● Exercise instructions
All entries should be copied exactly; the pictures stay out.

--- Extracted entries ---

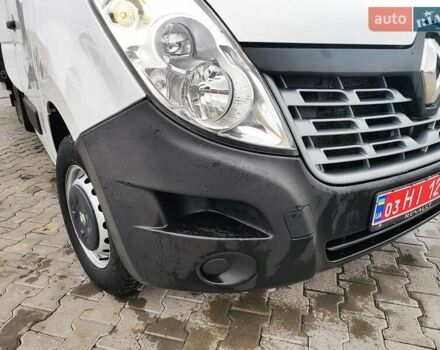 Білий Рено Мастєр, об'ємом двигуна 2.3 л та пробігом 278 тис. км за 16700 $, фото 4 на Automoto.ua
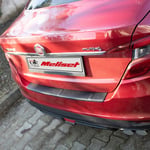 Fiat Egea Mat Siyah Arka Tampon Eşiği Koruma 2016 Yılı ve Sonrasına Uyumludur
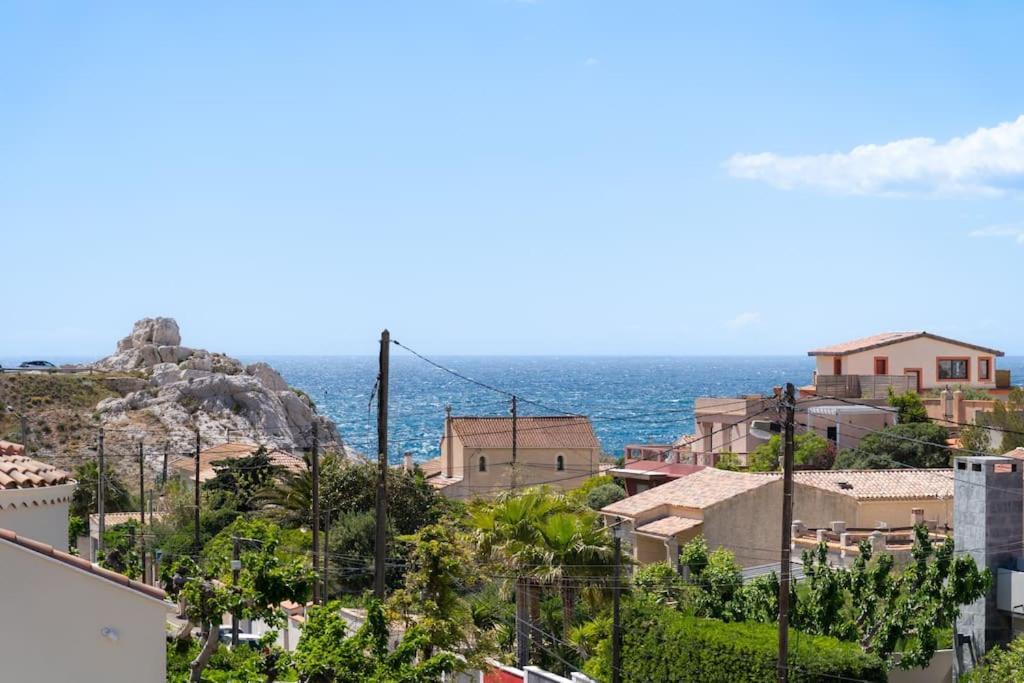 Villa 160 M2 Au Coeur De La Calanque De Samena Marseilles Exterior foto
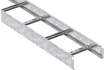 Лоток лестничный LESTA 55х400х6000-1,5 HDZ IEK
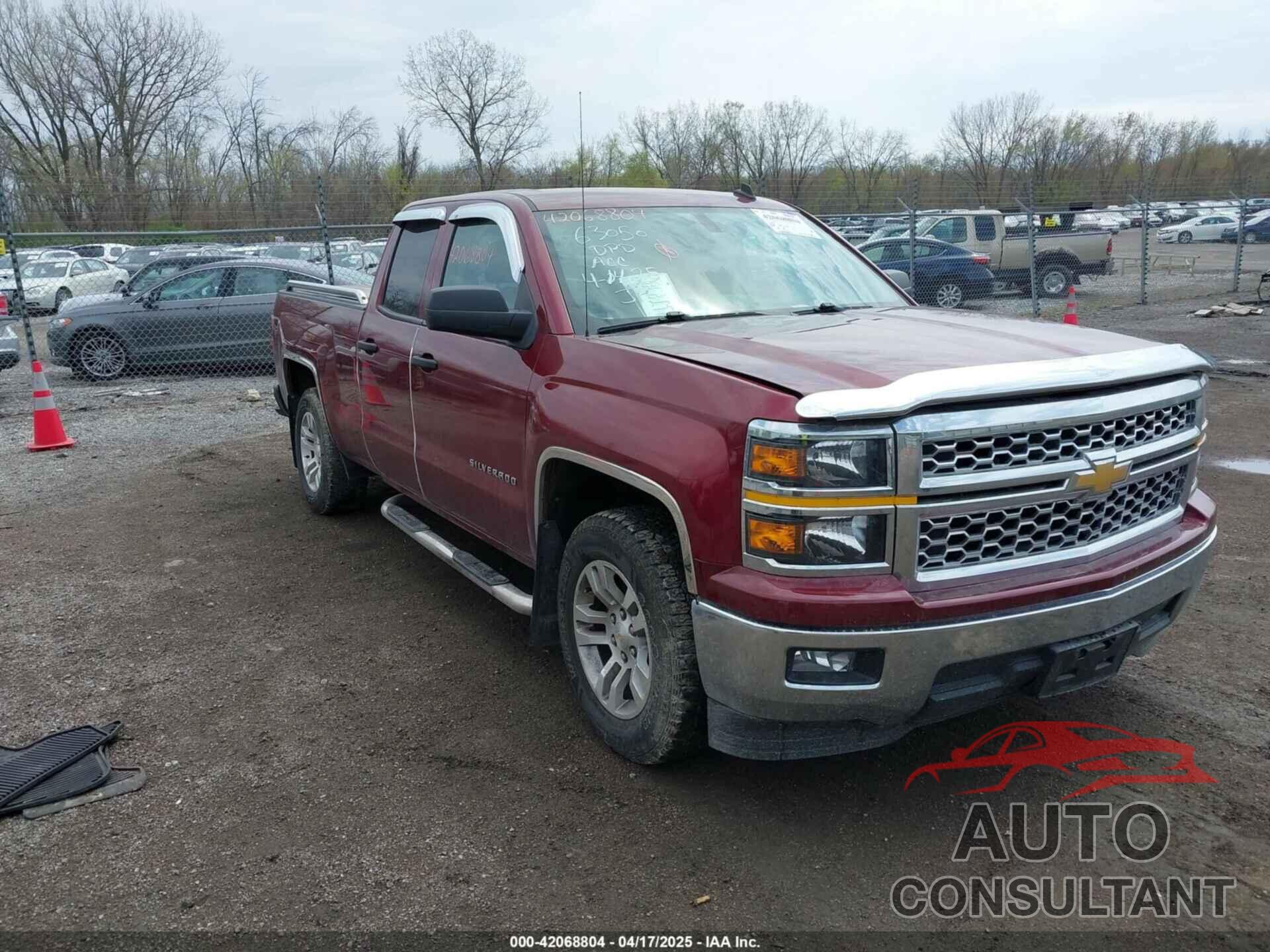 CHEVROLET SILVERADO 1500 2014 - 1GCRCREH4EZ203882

---

● Expected output
 Білий Рено Мастєр, об'ємом двигуна 2.3 л та пробігом 278 тис. км за 16700 $, фото 4 на Automoto.ua
 Fiat Egea Mat Siyah Arka Tampon Eşiği Koruma 2016 Yılı ve Sonrasına Uyumludur
 Villa 160 M2 Au Coeur De La Calanque De Samena Marseilles Exterior foto
 Лоток лестничный LESTA 55х400х6000-1,5 HDZ IEK
 CHEVROLET SILVERADO 1500 2014 - 1GCRCREH4EZ203882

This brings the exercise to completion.